L’absence de vision partagée sur l’utilité de l’Europe interpelle la FNSEA. Le premier syndicat agricole de France, lui, ne doute pas : « Il faut plus d’Europe et mieux d’Europe ».
C’était 24 heures avant que des candidats « anti-Europe » à la présidentielle ne viennent à Brest dérouler leurs arguments contre. Contre la Pac, contre les frontières ouvertes, contre… tout ce qui est et qui fait aujourd’hui l’Europe et ses États membres. Laissant imaginer que le monde enviable est celui du repli sur soi. Un monde de chimères que n’a pas manqué de dénoncer, démonstrations et chiffres à l’appui, la FNSEA.
La voie de l’avenir contre la voie sans issue
Lors de son congrès, le syndicat national a livré un véritable plaidoyer de plusieurs heures en faveur de cette « Europe qui est notre avenir » ; en lui opposant « le Frexit qui est une voie sans issue ». Henri Brichart, 2e vice-président de la FNSEA, estime qu’avec un éventuel Frexit, « deux tiers des exportations françaises perdraient en compétitivité » et que la France devrait composer avec « une explosion du coût de la dette en lien avec la sortie de l’euro ; avec une dévaluation des aides directes ; avec une fermeture des marchés des pays tiers ».
« Certes, l’Europe ne fait plus rêver », admet la présidente Christiane Lambert. « Mais nos politiques nationaux en portent la lourde responsabilité, à droite, comme à gauche », assène-t-elle. Et de rappeler que, « quand quelque chose ne va pas », Bruxelles devient trop souvent le bouc émissaire des hommes politiques français.
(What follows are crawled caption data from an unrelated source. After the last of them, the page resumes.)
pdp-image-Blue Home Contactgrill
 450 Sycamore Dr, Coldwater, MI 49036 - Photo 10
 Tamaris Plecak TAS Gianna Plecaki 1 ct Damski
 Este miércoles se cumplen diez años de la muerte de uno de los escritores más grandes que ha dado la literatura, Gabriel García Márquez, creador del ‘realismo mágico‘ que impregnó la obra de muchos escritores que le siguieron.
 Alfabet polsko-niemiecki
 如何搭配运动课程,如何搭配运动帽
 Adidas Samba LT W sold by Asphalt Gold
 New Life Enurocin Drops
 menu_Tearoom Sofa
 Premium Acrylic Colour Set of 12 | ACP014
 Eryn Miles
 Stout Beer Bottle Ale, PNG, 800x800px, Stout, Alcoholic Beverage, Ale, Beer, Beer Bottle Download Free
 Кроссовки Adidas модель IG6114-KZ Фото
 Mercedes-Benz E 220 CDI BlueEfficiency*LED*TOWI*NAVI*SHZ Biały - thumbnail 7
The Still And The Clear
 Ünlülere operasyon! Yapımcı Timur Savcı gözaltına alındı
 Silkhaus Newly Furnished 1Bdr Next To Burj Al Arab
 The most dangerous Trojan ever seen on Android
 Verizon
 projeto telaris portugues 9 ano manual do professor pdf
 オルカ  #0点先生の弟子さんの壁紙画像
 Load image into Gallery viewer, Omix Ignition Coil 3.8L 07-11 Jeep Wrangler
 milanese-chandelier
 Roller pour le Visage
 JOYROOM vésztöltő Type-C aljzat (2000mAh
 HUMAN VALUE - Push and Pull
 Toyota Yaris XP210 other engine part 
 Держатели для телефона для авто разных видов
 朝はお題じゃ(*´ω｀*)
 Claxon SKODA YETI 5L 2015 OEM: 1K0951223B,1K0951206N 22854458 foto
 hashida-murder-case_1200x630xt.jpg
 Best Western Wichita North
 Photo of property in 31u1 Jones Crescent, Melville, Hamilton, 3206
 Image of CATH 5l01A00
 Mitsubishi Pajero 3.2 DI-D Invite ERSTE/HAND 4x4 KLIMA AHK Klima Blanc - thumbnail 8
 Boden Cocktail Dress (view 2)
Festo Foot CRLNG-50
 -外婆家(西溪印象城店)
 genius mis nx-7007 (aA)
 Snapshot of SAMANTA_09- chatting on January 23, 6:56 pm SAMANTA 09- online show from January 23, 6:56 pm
Le tout marché ne marche pas
Pour autant, la présidente de la FNSEA partage l’idée que « le tout marché ne marche pas ». Aussi, les DPB sont pour le syndicat « un socle nécessaire ». Quant aux aides couplées, « elles doivent être renforcées pour orienter l’agriculture » ; et les aides agricoles aux handicaps naturels soutenues pour aider les territoires ». Tout cela, sans distinction de modèle insiste le syndicat souvent accusé de défendre la seule production de masse destinée à alimenter l’industrie. « Il y a la nécessité de cultiver le modèle français : au pays des 1 000 fromages, il y a 1 000 modèles ».
Mais, s’il n’est pas question de défendre « le modèle de firmes au détriment du modèle de fermes » (familiales), la FNSEA ne veut pas non plus voir rôder les agriculteurs non professionnels autour du pot de miel des aides à l’agriculture. D’où ce projet, déjà dans les tuyaux, de faire aboutir au plus vite le dossier du statut de l’agriculteur. Encore faut-il que demain il y ait encore des aides à partager. Cette question n’est pas sans inquiéter le syndicat majoritaire : « Demain pourra-t-on encore compter sur des Chirac, Sarkozy, Hollande pour défendre le budget européen ? »
Une Bretagne à l’aise avec l’environnement
Si une large majorité des congressistes, présents à Brest la semaine dernière, partage la vision pro-européenne ardemment défendue par le conseil d’administration – seules 5 abstentions lors du vote du rapport d’orientation consacré à ce thème –, l’approche régionale met en exergue quelques nuances. Ainsi, si la Bretagne n’a pas déposé d’amendement sur l’environnement, c’est d’abord parce qu’elle considère ce dossier derrière elle.
Le film de présentation de la Bretagne projeté en première journée de congrès a d’ailleurs mis en avant ce combat gagné… faisant presque oublier les réglementations qui se sont accumulées pendant 30 ans sur la région (sic). Le sujet n’est pas aussi limpide pour la FNSEA qui sait une chose : elle ne peut plus reculer sur ce dossier. D’où cette formule tricotée avec soin et qui ne saurait fâcher personne : « Le statu quo n’est pas envisageable, mais nous voulons une culture du résultat ». Bruxelles aussi. Mais en attendant les résultats, elle met les moyens… La Bretagne qui mesure aujourd’hui les résultats en sait quelque chose sur ces moyens.